The gene pool could use a little Chlorine.
So, apparently, all my talk about not having a redneck Christmas was empty. On Sunday evening, I showed up at my parents' house for the Big Johnson Christmas to find one aunt (the one that married in) crying and another aunt (the one that is head of the family since my granny died) consoling her. They spent an hour moving from kitchen table to couch, speaking in hushed voices and making everyone else feel uncomfortable for either eavesdropping (which I do naturally and very well) or ignoring them.
Finally, almost two hours late, one of my cousins arrived. (The oldest son of the cryer.) And he brought his four month old daughter and her mother with him. I phrase it that way because the mother and my cousin are not married, or engaged. I'm not actually sure that they are still dating. If they are, I don't think they want to be. In any case, my aunt starts shooting dirty looks to anyone in the family that shows any attention to the baby's mother (let's call her Pam) and when my cousin asks if aunt Shelley* wants to hold the baby, she replies "damn right I do". So, he starts to hand her over, and Shelley pushes the baby away and mutters "she's crying. I know what a crying baby looks like". Apparently, after you raise 5 kids you are no longer able to hold a baby that's crying. I thought it might make you more comfortable, but what do I know?
Pause...to be finished tomorrow...
Okay...one month later...I've held you at bay so long you probably don't want to hear the rest of the story anymore, so I will make it short and sweet...
So, Pam, who has obviously been feeling her baby's daddy's mama's tenseness for several months now, jumps out of her chair (remember, she has just met my entire extended family) and grabs my cousin's arm, saying "Let's Go...I don't have to take this..."
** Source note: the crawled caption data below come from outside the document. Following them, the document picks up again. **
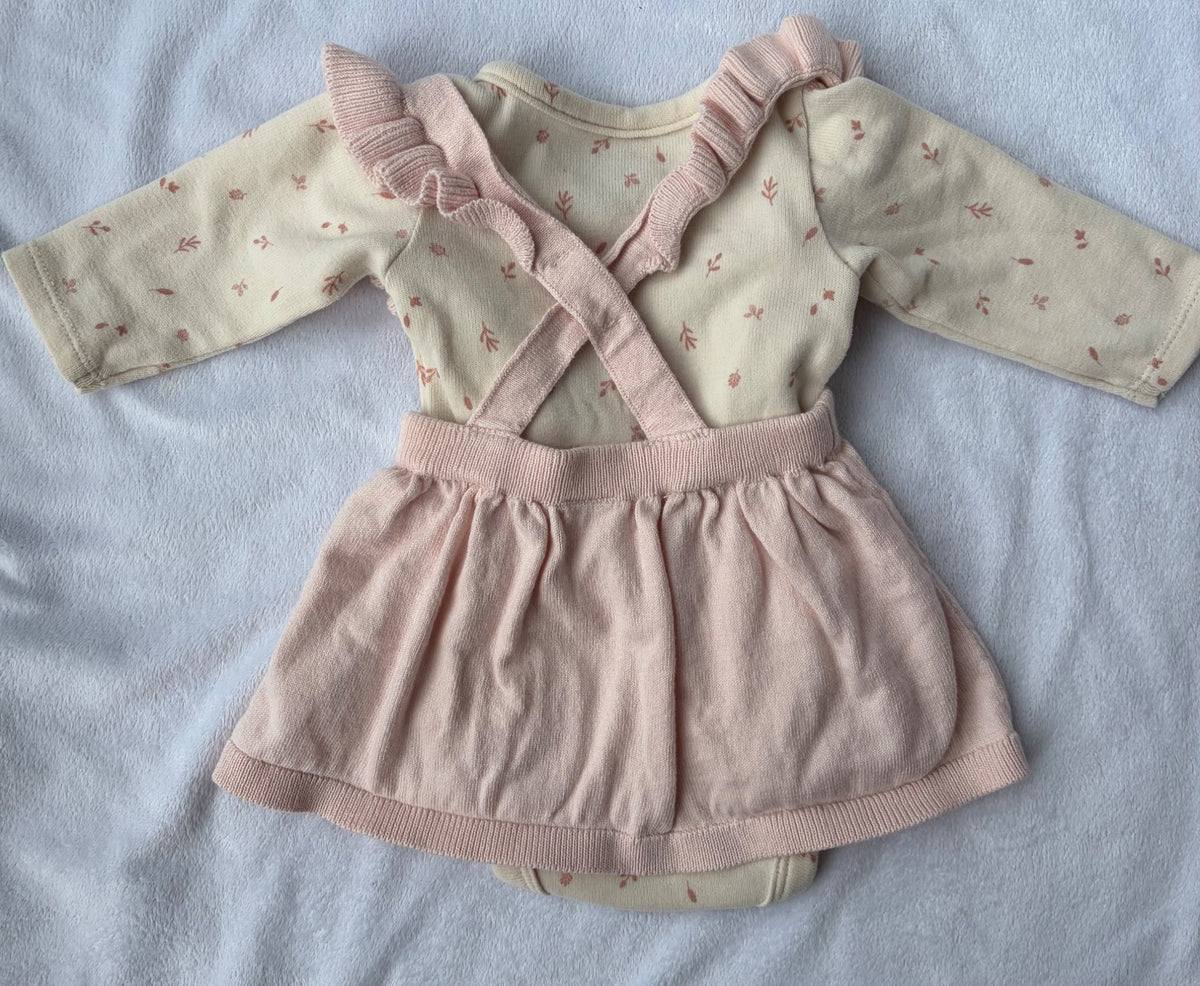 Two Piece Spring Dress with Long Sleeve Onsie, Kids Newborn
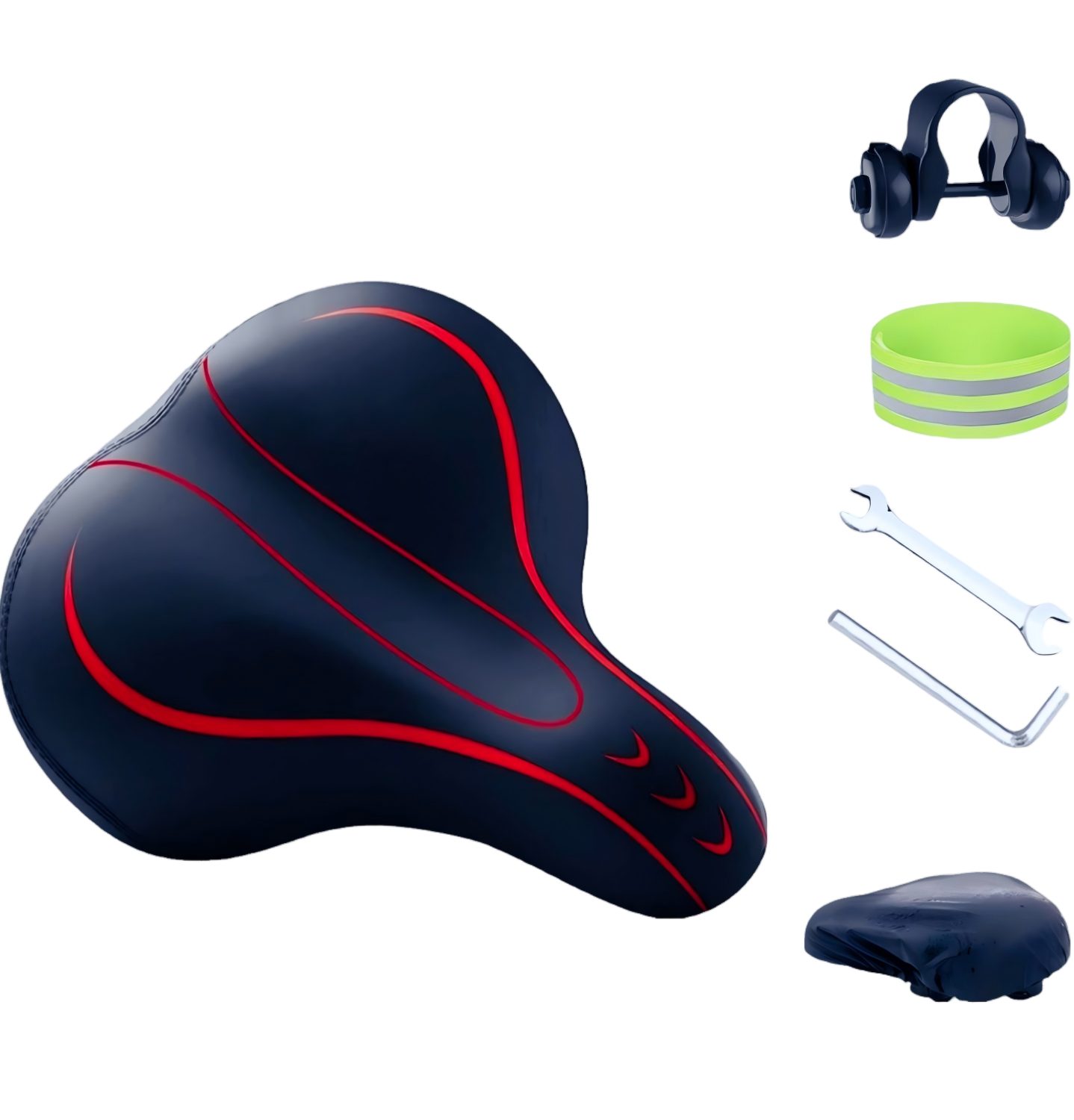 Toomoke Fahrradsattel Ergonomisch, Reflexstreifen, Universal-Adapter, E-Bike/MTB,Universal (Universeller Ersatzsattel für Heimtrainer, MTB, E-Bike, Cityrad & Rennrad,Atmungsaktiv,mit Werkzeug, Mit wasserdichter Abdeckung), Wasserdicht Leder,mit überzug & Schraubenschlüssel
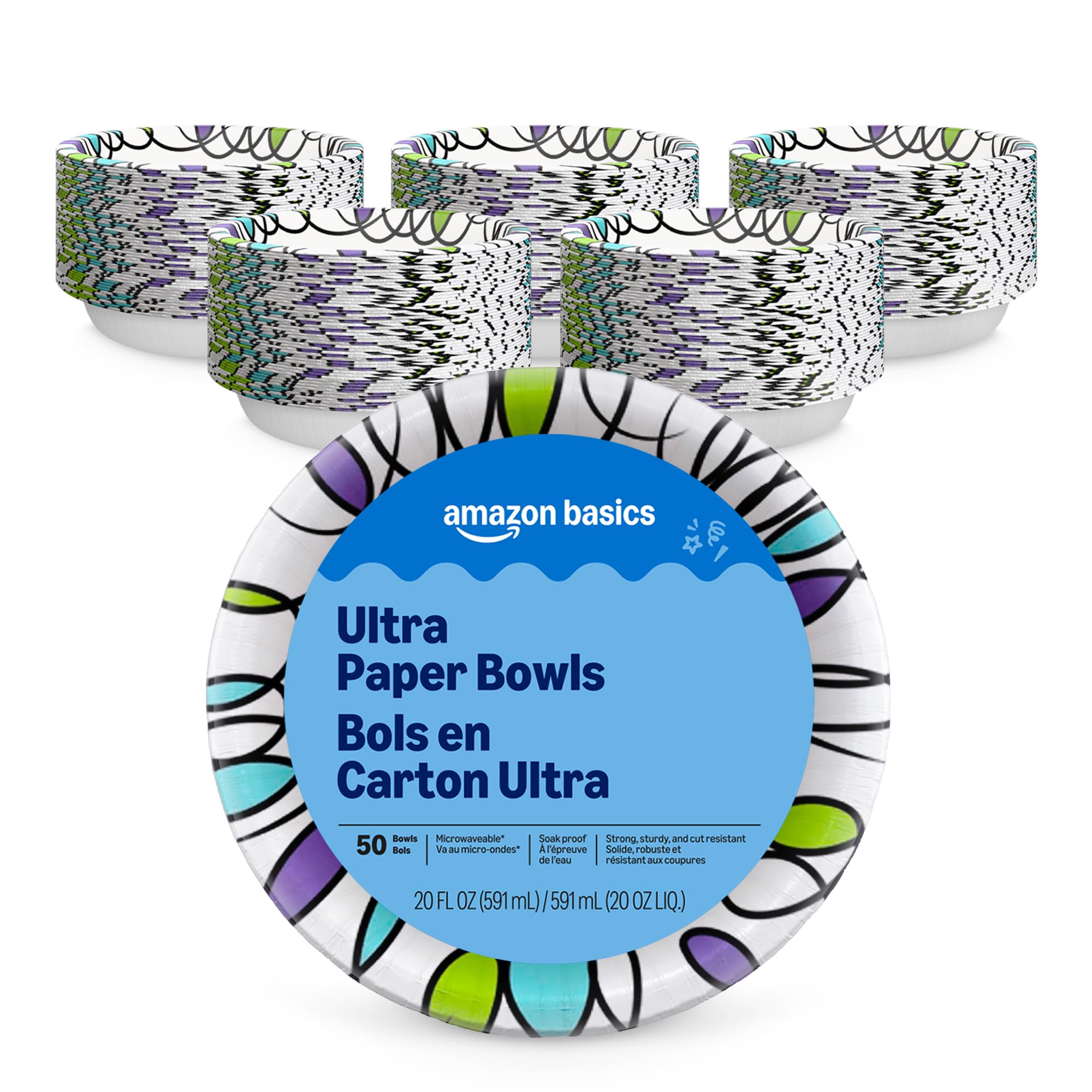 Amazon Basics Ultra Disposable Paper Bowls, 20 Oz, Microwave Safe, Soak Proof, Strong & Sturdy, White, 50 Count, Packaging May Vary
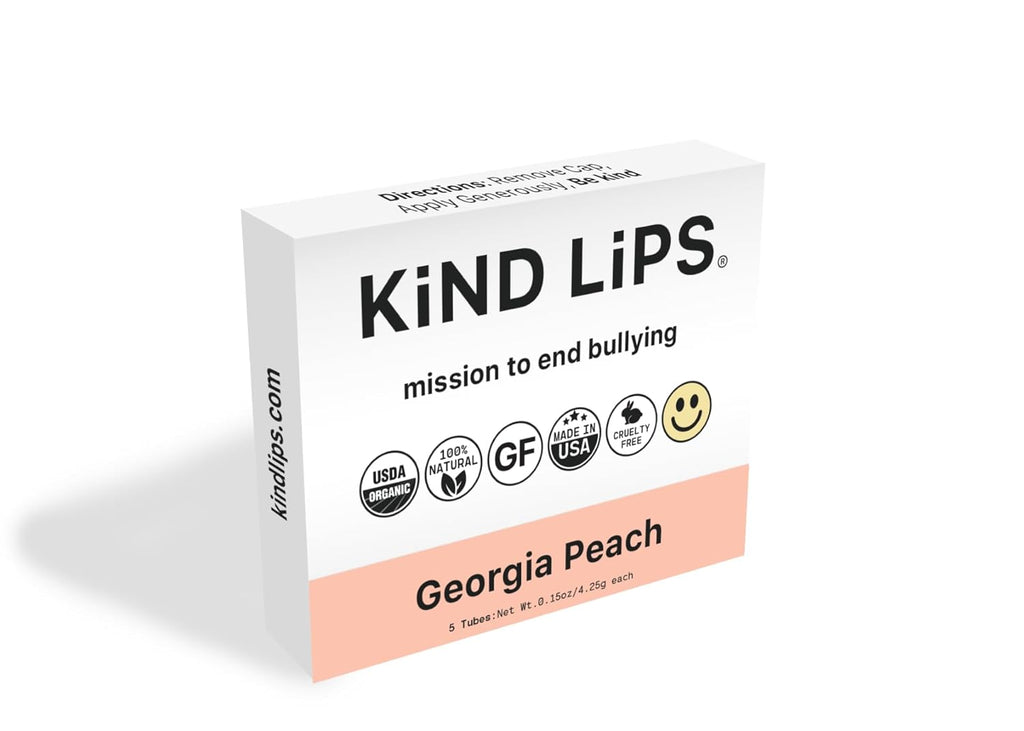 Kind Lips Lip Balm - Nourishing & Moisturizing Lip Care with Shea Butter, Beeswax & Vitamin E | Georgia Peach Flavor | 0.15 Oz (Pack of 5)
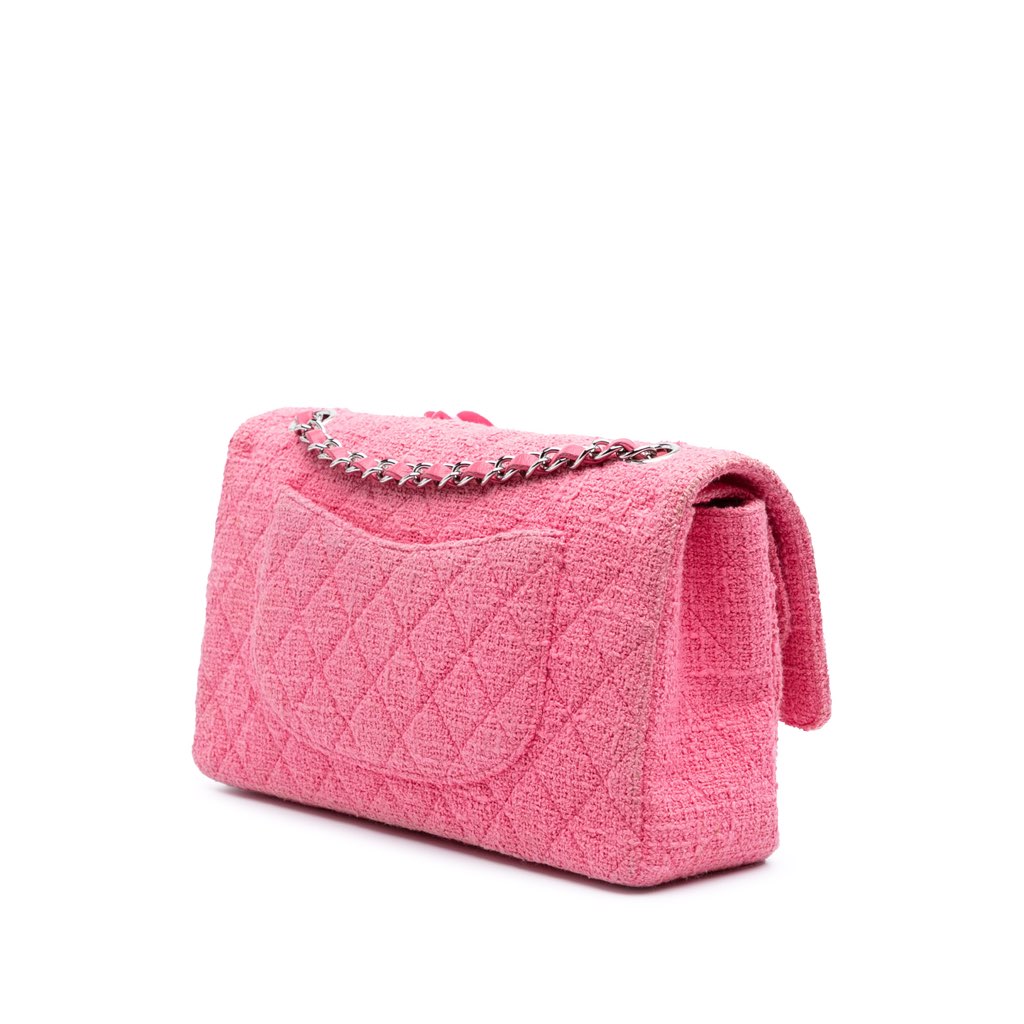 Chanel Medium Classic Tweed Beaded Flower Double Flap - 2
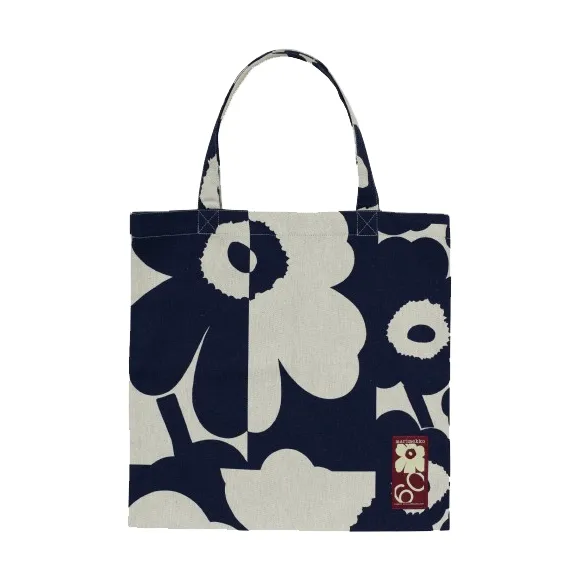 Unikko kollaasi tas 44x43 cm, Linen-dark blue Marimekko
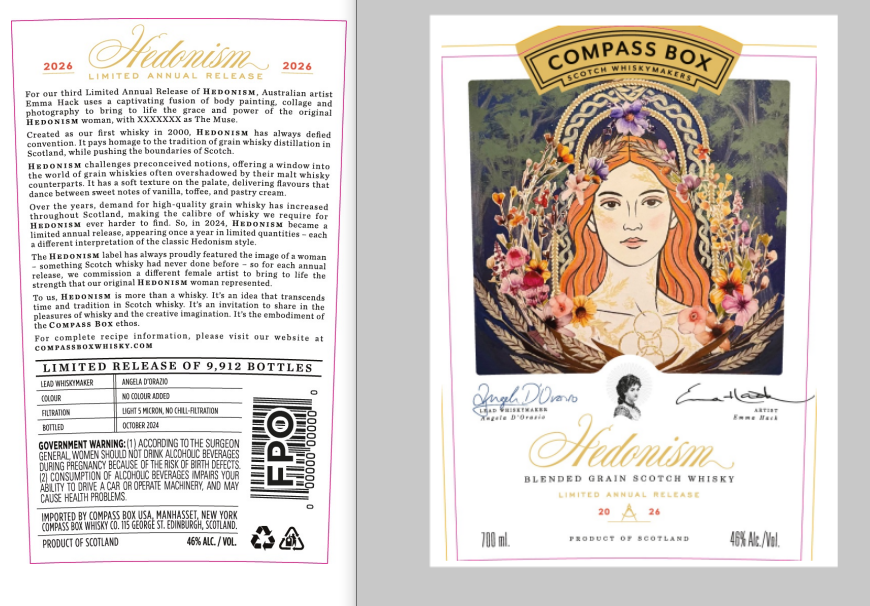 TABC label artwork for Compass Box Hedonism Blended Whiskey 2026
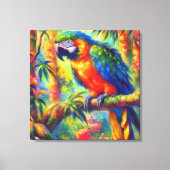 Impressionistische tropische papegaai vogel blauw canvas afdruk (Voorkant)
Well, the next thing any of us know, Aunt Shelley and Pam are having an extremely cold, extremely uncomfortable argument in the foyer with my cousin standing in between them trying to man up, saying, "let's go out side right now and talk about this, leave the children here..." (By children, I mean Pam's two older kids, by different fathers, and apparently she's still married to the oldest one's dad...) And then Aunt Shelley crosses the line. She leans down and grabs Pam's arm while she's trying to fasten the baby into her carseat and says in her best self-righteous born-again Christian sneer "look here, missy, I've got something to say to you..." and out of nowhere, my Uncle Ray, the most Gentle of all of the Johnson men (and the least likely to use physical force in any situation, mostly because he's the only sober one) comes from nowhere across the living room and grabs Aunt Shelley's arms and pins them behind her, trying to force her through the front door. (It has been determined since that it was because he wanted the whole mess to be taken outside instead of his family embarrasing themselves at his big brother's house.) Well, when my cousin sees his dad hurting his mom, he jumps on his back like a crazed animal, and all four of the adults, two kids, carseat, and diaper bag are suddenly trying to hurdle through my parents' front door AT THE SAME TIME. You can only imagine what this did to the decorations...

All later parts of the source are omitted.